5. Kpopers Kpopers adalah istilah yang diberikan kepada seseorang atau sekelompok orang yang menyukai kebudayaan Korea. Mulai dari budaya, musik dan lagu, gaya berbusana, pariwisata, makanan, dan lain-lain. Akan tetapi pada masa sekarang, istilah Kpopers lebih sering digunakan untuk seseorang atau sekelompok orang yang menyukai boysband atau girlsband Korea. Hal ini dikarenakan boyband atau girlband dan girlsband Korea adalah salah satu sub kebudayaan Korea yang paling populer saat ini. Kpopers biasanya memiliki grup masingmasing yang mereka sukai. Mereka memiliki wadah yang berisi sesama anggota Kpopers yang terkadang ada event tertentu yang khusus diadakan untuk Kpopers yang sering disebut dengan K-Fest atau Korean Festival. Para penggemar ini bekerja sama menciptakan ulang teks dan gambar, lalu menyebarkan isi yang mereka ubah itu. Meniru tarian merupakan salah satu bentuk kerja sama penggemar yang paling umum ditemui di dunia. Istilah `cover dance` biasanya berarti satu versi lagu yang dinyanyikan oleh seorang artis yang berbeda dari penyanyi aslinya. Namun, dalam kasus kegiatan penggemar, istilah itu mengacu pada satu versi nyanyian atau tarian yang ditampilkan oleh penggemar. Di Thailand, beberapa kelompok yang mendedikasikan diri untuk meniru kelompok idola K-Pop mereka telah mendapatkan popularitas di Youtube dan menjadi pesohor kecil tersendiri (Heryanto, 2015: 246). Di Kota Surakarta sendiri sudah mulai menjamur kelompok cover dance yang berkiblat boyband dan girlband yang berasal dari
Negara Korea. Umumnya mereka memfokuskan kelompok mereka pada satu boyband atau girlband yang tarian mereka akan mereka tirukan. Banyaknya boyband dan girlband asal Korea mengakibatkan banyak pula kelompok cover dance yang bermunculan di Kota Surakarta. Kelompok cover dance ini ada yang bergabung dalam suatu komunitas dan adapula yang berdiri sendiri. Adanya acara Korean Festival (K-Fest), dijadikan wadah bagi mereka untuk menampilkan bakat dan kemampuan yang mereka miliki. Selain kelompok cover dance, seseorang bisa dikatakan sebagai Kpopers jika dia menyukai hal-hal yang berbau Korea seperti lagulagu yang boyband dan girlband nyanyikan, drama Korea dan style Korea. Kpopers sendiri lebih mengacu pada apa yang ada pada boyband dan girlband Korea. Apa yang mereka nyanyikan, baju atau style apa yang mereka pakai, bagaimana mereka berinteraksi dengan orang lain, drama apa yang mereka perankan, tempat mana yang mereka kunjungi, bagaimana tingkah dan perilaku mereka dan lain sebagainya. Kebanyakan orang yang menyukai Korea dan menjadi Kpopers adalah orang-orang yang mengikuti setiap gerak-gerik artis Korea yang mereka sukai. Artis atau idola yang mereka sukai, mereka jadikan panutan dalam kehidupan sehari-hari. mulai dari cara berpakaian, cara bertingkah dan berperilaku, gaya berbahasa dan bagaimana mereka menyikapi hidup mereka.

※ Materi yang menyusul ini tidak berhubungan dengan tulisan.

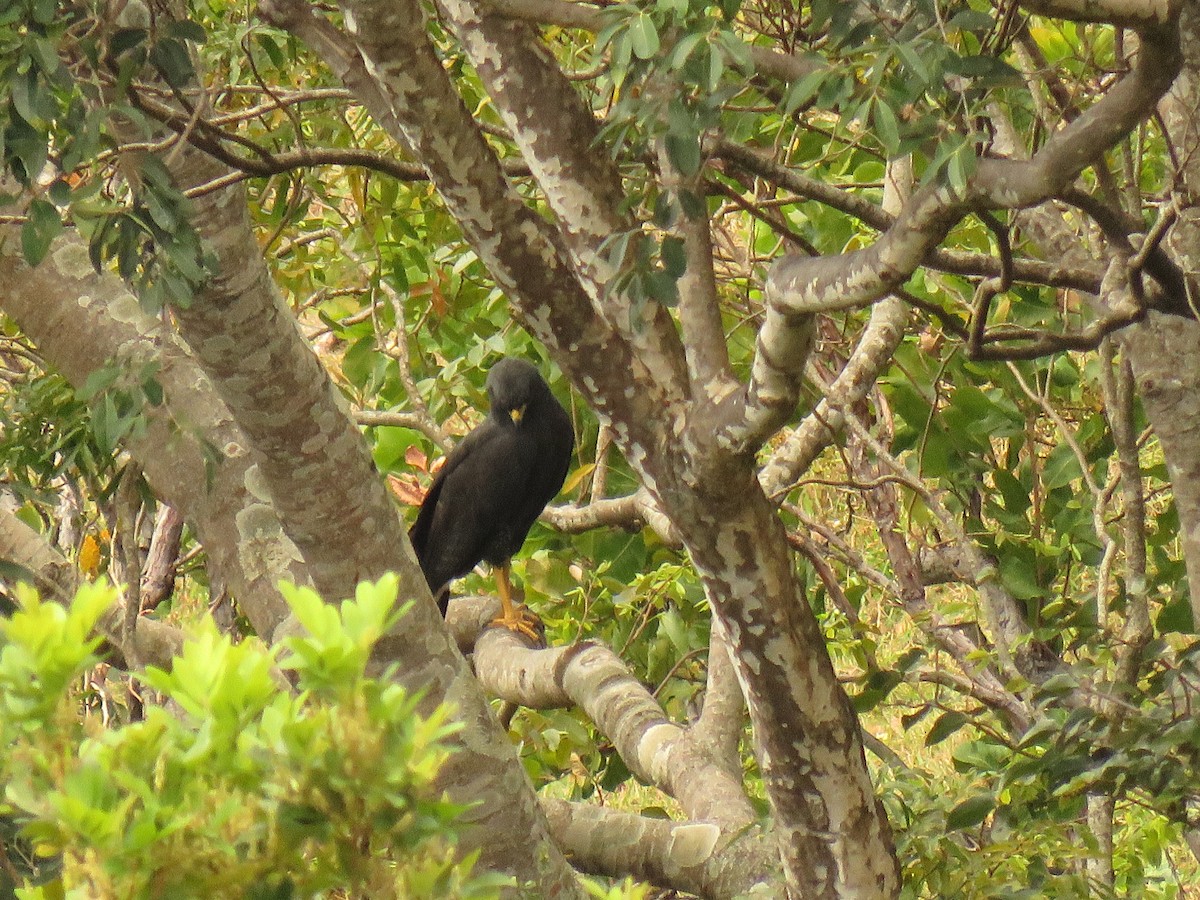 Great Black Hawk - ML647420328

6. Komunitas Komunitas dapat diartikan sebagai sekelompok orang yang memiliki kesukaan yang sama yang berkumpul menjadi satu yang saling berinteraksi. Dalam penelitian Aulia Dwi Nastiti (2012) yang berjudul Identitas Kelompok Disabilitas Dalam Media Komunitas Online (Studi Mengenai Pembentukan Pesan dalam Media Komunitas Kartunet.com oleh Kelompok Disabilitas Tunanetra)

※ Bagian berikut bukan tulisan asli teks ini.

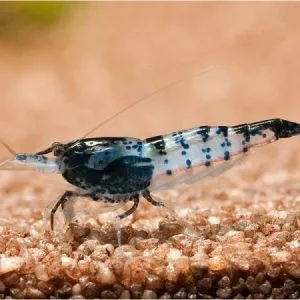 1696 0 carbon rili neocaridina heteropoda 1 600x600 e5e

dalam pemikiran Morse (1998) juga Wilson dan Peterson (2002) yang berpendapat bahwa pertama, definisi komunitas saat ini tidak lagi didefinisikan dengan latar belakang geografis atau etnis, namun komunitas saat ini berpusat pada kesamaan minat. Kedua, komunitas digambarkan dengan adanya kesamaan nilai-nilai, gaya hidup, serta adanya keberjarakan anatara insider dan outsider (Noonan, 2007: 461). Ketiga, komunitas dilihat sebagai jaringan interaksi, baik anatar individu dengan kelompok, maupun kelompok dengan kelompok. Komunitas didefinisikan sebagai perasaan yang sama terkait dengan identitas di antara individu-individu dimana hal ini berhubungan solidaritas bersama, perasaan yang sama atau sense of community merupakan hal dasar bagi terbentuknya komunitas.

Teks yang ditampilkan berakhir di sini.